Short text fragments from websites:
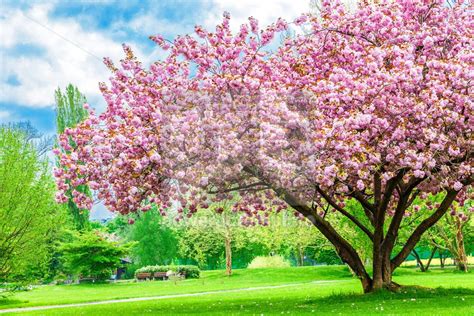 Beautiful Sakura Tree In The Park Stock Photo 74338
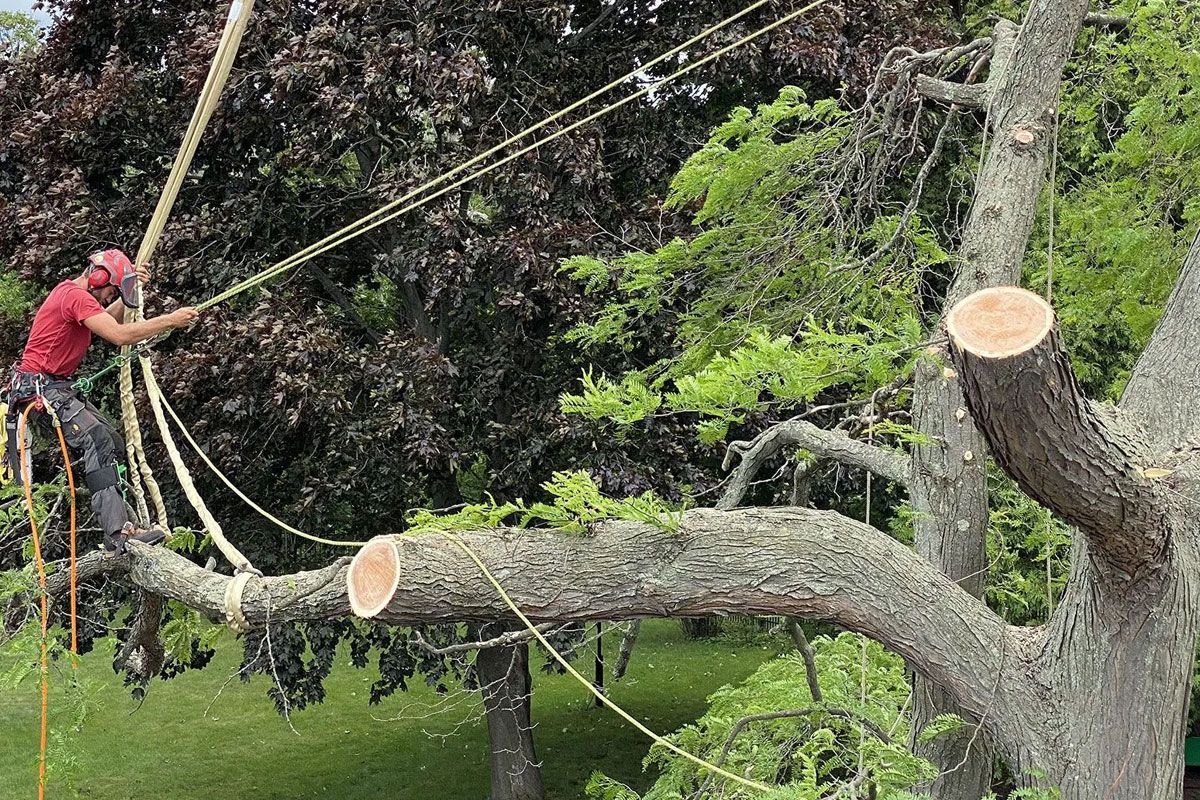 An arborist in a red shirt and helmet uses ropes to lower a large tree branch in a residential setting.
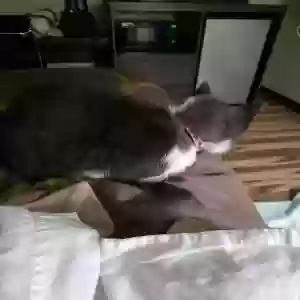 adoptable Cat in Albany, NY named Mama kiddy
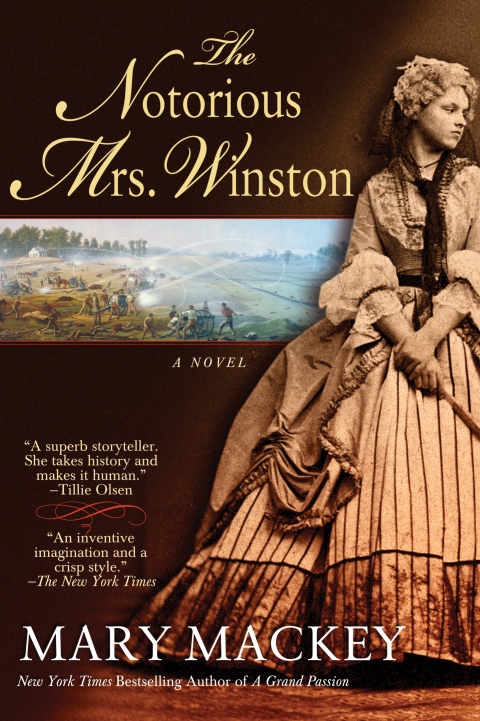 Cover image for book The Notorious Mrs. Winston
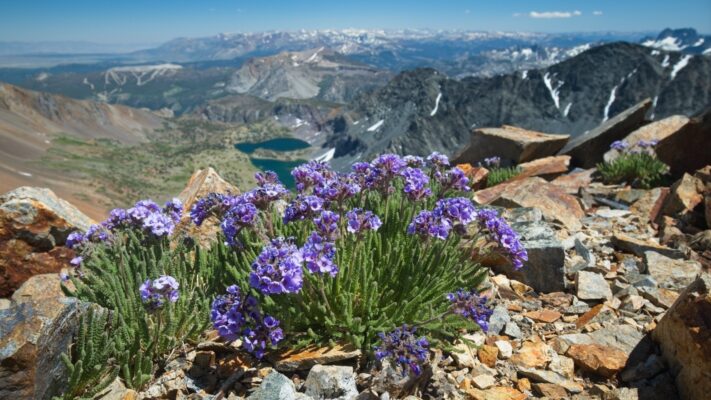A picturesque bouquet of sky pilots on Koip Peak sky pilots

**What needs to be done**.
Your reply should repeat the entries above exactly, leaving the pictures out.

**Answer box**.
 Beautiful Sakura Tree In The Park Stock Photo 74338
 An arborist in a red shirt and helmet uses ropes to lower a large tree branch in a residential setting.
 adoptable Cat in Albany, NY named Mama kiddy
 Cover image for book The Notorious Mrs. Winston
A picturesque bouquet of sky pilots on Koip Peak sky pilots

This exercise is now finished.